DevSecOps, the integration of security into DevOps processes, is in increasingly common use. Logging and log management play a critical role in helping to put DevSecOps principles into practice by ensuring that developers, IT operations staff, and security teams have the visibility and communication pipelines they need to prioritize security at all stages of the DevOps delivery cycle.

We spoke to Ryan Staatz, systems architect and head of DevOps at LogDNA to discuss how log management fits in the toolchain of technology and practices that create a successful DevSecOps initiative.

BN: What does DevSecOps mean to you?

RS: I like to start by breaking down the word. To me it represents the manner development, security, and operations work together to create a functional process that benefits each of those teams equally. To some, DevSecOps is simply a generic term for an overall methodology. I feel strongly that a successful DevSecOps initiative is outlined by an IT organization doing its best to bridge all three critical areas in order to improve its security, operations, and development practices installed together. It comes down to communication and process and I certainly encounter DevSecOps everyday.

BN: What does it take for DevSecOps to be successful?

RS: I'm not sure I can give you an exact formula, but there are certainly some good practices that I recommend you follow. Communication between the three IT groups is critical and can be challenging when dealing with multiple disparate teams that all have their own set goals and initiatives. Insight across the different teams into their present projects, KPIs and goals are very important for these teams to better understand each other. For instance, having a discussion early on about how security can benefit both operations and development is critical for all three teams to both understand and agree upon. This common ground and buying into each other's goals is a good starting point to building a process that works for everyone.

I know that security can often be viewed as a huge hurdle for many in IT who do not work with it every day, but in actuality, security is similar to preventive health care in that it is a lot easier to prevent something from happening than it is to clean up or treat an ailment after the fact. Spending the time at the outset to establish a cadence process and a line of communications is critical.

BN: How does logging help communication between IT teams?

RS: A log as a message or an event from an application can be valuable to many different teams for many different reasons. The same message could offer insight to development that there is an error in your application. For security, it could be that somebody logged on to the network who is not a user and from out of the secure network. Operations can use a message and realize the logs stopped here, but looking into another log trail, it shows something is crashing or it looks like a server hosting these applications died or whatever it might be. Logs can be powerful in hunting those issues down.

Centralized logs also help drive that same communication we talked about for what makes a successful DevSecOps foundation. The ability for everyone to view logs in the same place means that each person on each team can point out things to other people on other teams to better understand the overall health of the environment. They may not necessarily have the entire context to make sense of every single log statement from every single team, but you at least use it as a shared repository of evidence of what's going on. Having that source of truth can be very powerful.

BN: How does log management increase visibility into security?

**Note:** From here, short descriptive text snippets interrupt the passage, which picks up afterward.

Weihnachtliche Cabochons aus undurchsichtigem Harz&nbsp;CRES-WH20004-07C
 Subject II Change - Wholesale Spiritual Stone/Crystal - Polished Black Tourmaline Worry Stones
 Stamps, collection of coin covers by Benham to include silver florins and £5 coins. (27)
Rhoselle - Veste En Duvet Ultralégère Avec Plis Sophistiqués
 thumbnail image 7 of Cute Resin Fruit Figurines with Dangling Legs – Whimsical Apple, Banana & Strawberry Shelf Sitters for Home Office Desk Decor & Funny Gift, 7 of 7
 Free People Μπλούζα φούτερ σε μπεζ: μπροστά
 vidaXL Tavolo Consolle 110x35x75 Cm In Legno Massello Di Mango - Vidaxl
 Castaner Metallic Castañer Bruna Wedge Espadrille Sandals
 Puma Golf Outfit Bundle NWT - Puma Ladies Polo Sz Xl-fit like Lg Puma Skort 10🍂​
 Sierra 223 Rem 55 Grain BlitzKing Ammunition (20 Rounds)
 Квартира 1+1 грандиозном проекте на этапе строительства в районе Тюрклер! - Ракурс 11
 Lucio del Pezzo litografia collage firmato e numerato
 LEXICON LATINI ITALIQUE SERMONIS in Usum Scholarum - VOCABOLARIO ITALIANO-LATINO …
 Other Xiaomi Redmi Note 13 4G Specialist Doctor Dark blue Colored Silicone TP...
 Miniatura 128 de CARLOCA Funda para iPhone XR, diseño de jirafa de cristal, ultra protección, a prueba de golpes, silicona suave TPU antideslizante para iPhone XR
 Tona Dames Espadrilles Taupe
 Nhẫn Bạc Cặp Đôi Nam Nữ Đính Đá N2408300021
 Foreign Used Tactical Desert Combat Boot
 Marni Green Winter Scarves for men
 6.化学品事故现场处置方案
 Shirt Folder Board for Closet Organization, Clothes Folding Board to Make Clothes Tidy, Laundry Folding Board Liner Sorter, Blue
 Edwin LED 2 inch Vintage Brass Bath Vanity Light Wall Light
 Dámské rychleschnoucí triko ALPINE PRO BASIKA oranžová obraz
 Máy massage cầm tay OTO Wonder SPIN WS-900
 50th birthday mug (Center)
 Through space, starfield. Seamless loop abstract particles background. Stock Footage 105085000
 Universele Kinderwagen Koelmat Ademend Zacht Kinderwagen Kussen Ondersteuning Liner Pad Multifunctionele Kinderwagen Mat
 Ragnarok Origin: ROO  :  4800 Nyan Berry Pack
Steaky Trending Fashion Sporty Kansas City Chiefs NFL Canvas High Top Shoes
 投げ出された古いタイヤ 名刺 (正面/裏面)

RS: Security is a huge undertaking just on its own. When it comes to structuring data there are a lot of areas that are going to need to be categorized. With SIEM tools for instance, you can think of logging as a precursor to them. And once you have that data categorized in a manner that you can understand and run aggregates and analysis on, you can quickly see from the logs it looks like this component is affected and this type of message is an authorized login, for example. You can really begin diving into the specifics of what's going on in your system.

Also, because you might be pulling logs from different places, there are different parts of the application lifecycle to gain visibility into. For example, depending on the continuous integration tool you have set up in your organization, you can track logs from those systems and -- once it's deployed -- receive valuable insight for deploying and running your applications.

And this goes all the way down to the application level of when it is running in production, to better understand an event and decide if it is unusual and should be investigated. The more structure you can put into your logs, the more value you can drive, especially for long-term aggregation and detection of unusual behaviors.

BN: If an IT team is considering a DevSecOps initiative, where is a good place to start?

RS: There are many factors that play into a successful DevSecOps initiative, but deciding on overall goals, how the work culture will support the initiative and receiving strong buy-in from everyone in the IT organization is a good place to start.

Tactically, having basic proactive and reactive approaches in place is a great start. Even setting up automated codebase scans can quickly catch major issues and notify the appropriate teams can be super helpful. This benefits multiple parties -- security, app developers, operations -- to know their dependency might have a problem.

And security is critical. In my experience, security is often viewed like insurance. Everyone wants it but nobody wants to pay for it, nor spend the time it takes to learn and apply it to their organization. Thinking about security from a preventative approach, any low effort, high impact deliverable that you can receive as an early stage company is huge. It will lay the foundation later on for better practices, faster to production delivery times, and even detection of important issues before they happen in production.